A Daughter’s Response to “Mincha in the Midwest”

This past Simchat Torah, my mother began planning her synagogue’s first women’s mincha, afternoon service. She was inspired by the joy of the Simchat Torah women’s reading, and wanted to extend it to a regular Shabbat. So she worked with some young women in the community to make it happen, and brought women who might never have prayed or connected as a community to a mincha service.

Hannah-WengerShe recently wrote, in The Torch, that she needs to effect change because of us, her daughters, my sisters and me. It is true that we “struggle fiercely with the dissonance between our place in the religious sphere and our ability to lead in the outside world.” Outside of the Jewish community, we have power. Power to shape the discourse around us, to assume leadership, to practice the rituals of our professions and of our communities of common values without anyone questioning whether our very engagement undermines our belongingness. Outside of the Jewish community, I can use every talent in my arsenal to make this world a better place–voice, humor, and compassion are welcome–whereas the Jewish community polices them under the titles of “modesty,” “tradition,” and “careful halakhic process.”

But Ima, it’s not “hard for me to hang onto my Judaism.” I was brought up by a role model who showed me its beauty and worth in every action; to leave is unthinkable.
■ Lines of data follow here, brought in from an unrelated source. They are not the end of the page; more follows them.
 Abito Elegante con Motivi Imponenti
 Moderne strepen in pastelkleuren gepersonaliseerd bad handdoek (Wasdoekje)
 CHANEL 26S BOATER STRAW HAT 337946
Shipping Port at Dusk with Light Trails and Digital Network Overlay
The struggle lies in making Judaism, which was not written for me, as much of a conduit for contribution and action as the rest of my life—to live it, not simply to be it. To live it, like you do.
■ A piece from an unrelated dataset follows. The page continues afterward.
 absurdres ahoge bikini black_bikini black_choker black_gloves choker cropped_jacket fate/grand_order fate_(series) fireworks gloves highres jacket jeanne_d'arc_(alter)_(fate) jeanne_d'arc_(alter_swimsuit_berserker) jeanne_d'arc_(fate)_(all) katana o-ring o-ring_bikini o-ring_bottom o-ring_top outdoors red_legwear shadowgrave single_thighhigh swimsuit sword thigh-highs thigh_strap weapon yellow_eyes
Ima, it is women like you, not me, who will change Judaism. It is women like you, women who are joyous with their lot and excited to find they can do something more, who will bring Orthodox Judaism slowly but surely into the twentieth century (their great-granddaughters may bring it into the twenty-first). I, for whom a gag reflex is triggered when a well-meaning man tells me, “of course women can do that,” can no longer abide being in the same room as a discussion about whether women can or cannot celebrate some aspect of their religion in public. It’s my religion—how dare they imagine that they have control over it?

And the thing is, I grew up without bitterness. It took two years of midrasha, seminary, three years in college, and a lot of investigation into the halakhic process, to bring me to the polite distance I keep from the Jewish community today. My withdrawal from community means, to me, that I can have no say, no power, in how it develops. Seven years before this, I was leading the first women’s mincha services at my university, giving shiurim, classes, and fighting for women’s active role in the community. Now, nearly a decade later, I am tired of the constant internal struggle and cognitive dissonance. Like so many of my more perceptive and high-powered female friends, I have withdrawn to pursue leadership in other fields.
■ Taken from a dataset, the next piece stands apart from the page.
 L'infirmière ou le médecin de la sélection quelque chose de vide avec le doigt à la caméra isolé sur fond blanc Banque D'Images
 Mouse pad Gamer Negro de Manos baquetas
But it’s a withdrawal that has allowed me to keep my joy in Judaism. To celebrate it personally, through tefillah and learning and observing kashrut and Shabbat, through my private conversations with God and considerations of how to act and what to say. Eventually, I will find a community driven by the same impulses that drive me, and then I will again begin to contribute and be part of a community. Until then, I will enjoy the brief simple delight of reading Torah on Simchat Torah in my mother’s synagogue, quietly celebrate my religion on my own terms, in my own private space, and repeat over and over the lines of the Shabbat service, which, in my mind, represent the religious feminist’s creed:

Tayn chelkaynu b’Toratecha v’taher leebaynu l’avdecha b’emet.

Give us a portion of Your Torah and purify our hearts to do Your work with integrity.